SKILLET CHICKEN WITH BLACK BEANS, RICE AND CHILES
Adapted from Diana Henry's "From the Oven to the Table: Simple Dishes That Look After Themselves," this true one-pot wonder of chicken, black beans, rice, tomatoes and chiles will make everyone at the table happy. As the chicken thighs roast, the cumin-scented rice soaks up all of the delicious juices. When the timer chimes, the rice and chicken emerge from the oven perfectly cooked. Be sure to use a 12-inch skillet here; a smaller or larger pan might result in under- or overcooked chicken or rice. Leftovers, if you have any, are great in tacos or enchiladas.
Provided by Margaux Laskey
Categories dinner, weeknight, casseroles, grains and rice, one pot, poultry, main course
Time 1h
Yield 4 to 6 servings
Number Of Ingredients 15
Steps:
- Heat the oven to 375 degrees. Season the chicken with salt and pepper on both sides. Heat the oil in a 12-inch ovenproof skillet (the pan size is very important) over medium-high. Brown the chicken on both sides to give it good color, 3 to 5 minutes per side. Transfer to a plate. Add the onion and bell peppers to the pan and sauté until just starting to soften, about 5 minutes. Season with salt and pepper.
- In a small saucepan, bring the chicken stock to a boil. Meanwhile, add the Fresno chiles or jalapeños, cinnamon, garlic and cumin to the skillet and cook for about 2 minutes, then add the black beans and cherry tomatoes. Season generously with salt and pepper. Sprinkle the rice on top in an even layer. (It's important that the black beans are beneath the rice and chicken. The rice will burn otherwise.) Add the stock and return the chicken to the pan, skin-side up.

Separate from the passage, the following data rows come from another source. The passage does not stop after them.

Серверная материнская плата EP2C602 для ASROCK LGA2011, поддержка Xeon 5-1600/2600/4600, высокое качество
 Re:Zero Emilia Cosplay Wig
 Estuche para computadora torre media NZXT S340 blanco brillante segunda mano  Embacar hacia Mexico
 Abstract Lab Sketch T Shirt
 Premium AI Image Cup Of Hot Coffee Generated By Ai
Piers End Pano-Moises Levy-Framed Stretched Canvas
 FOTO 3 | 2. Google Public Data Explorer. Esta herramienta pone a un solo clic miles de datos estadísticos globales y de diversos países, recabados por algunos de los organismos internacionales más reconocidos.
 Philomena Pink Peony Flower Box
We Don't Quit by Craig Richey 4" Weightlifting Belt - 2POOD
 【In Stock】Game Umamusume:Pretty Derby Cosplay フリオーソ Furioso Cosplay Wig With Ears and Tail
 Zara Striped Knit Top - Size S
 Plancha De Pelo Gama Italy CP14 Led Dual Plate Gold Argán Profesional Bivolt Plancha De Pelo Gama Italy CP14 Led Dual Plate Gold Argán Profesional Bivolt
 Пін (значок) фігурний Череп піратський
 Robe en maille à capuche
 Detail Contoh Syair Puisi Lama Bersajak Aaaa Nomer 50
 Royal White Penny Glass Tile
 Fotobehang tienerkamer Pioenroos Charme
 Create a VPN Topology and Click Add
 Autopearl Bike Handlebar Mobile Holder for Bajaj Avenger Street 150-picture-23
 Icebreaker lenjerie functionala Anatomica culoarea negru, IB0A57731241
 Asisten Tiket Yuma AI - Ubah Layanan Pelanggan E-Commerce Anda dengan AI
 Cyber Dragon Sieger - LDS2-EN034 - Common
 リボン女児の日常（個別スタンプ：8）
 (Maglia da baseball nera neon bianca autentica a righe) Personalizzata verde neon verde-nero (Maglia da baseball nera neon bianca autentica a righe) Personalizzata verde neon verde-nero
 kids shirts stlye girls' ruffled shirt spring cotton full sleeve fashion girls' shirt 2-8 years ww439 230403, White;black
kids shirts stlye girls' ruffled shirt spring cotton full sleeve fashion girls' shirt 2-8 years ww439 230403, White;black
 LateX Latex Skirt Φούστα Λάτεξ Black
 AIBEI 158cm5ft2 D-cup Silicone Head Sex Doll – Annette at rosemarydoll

- Bake, uncovered, for 40 minutes. The chicken should be lovely and golden, the stock should be absorbed and the rice should be tender. Sprinkle with the cilantro. Serve with lime wedges, pickled chiles, sliced fresh chiles, sour cream and avocado (squeeze some lime juice over the avocados in a bowl and sprinkle with salt and pepper).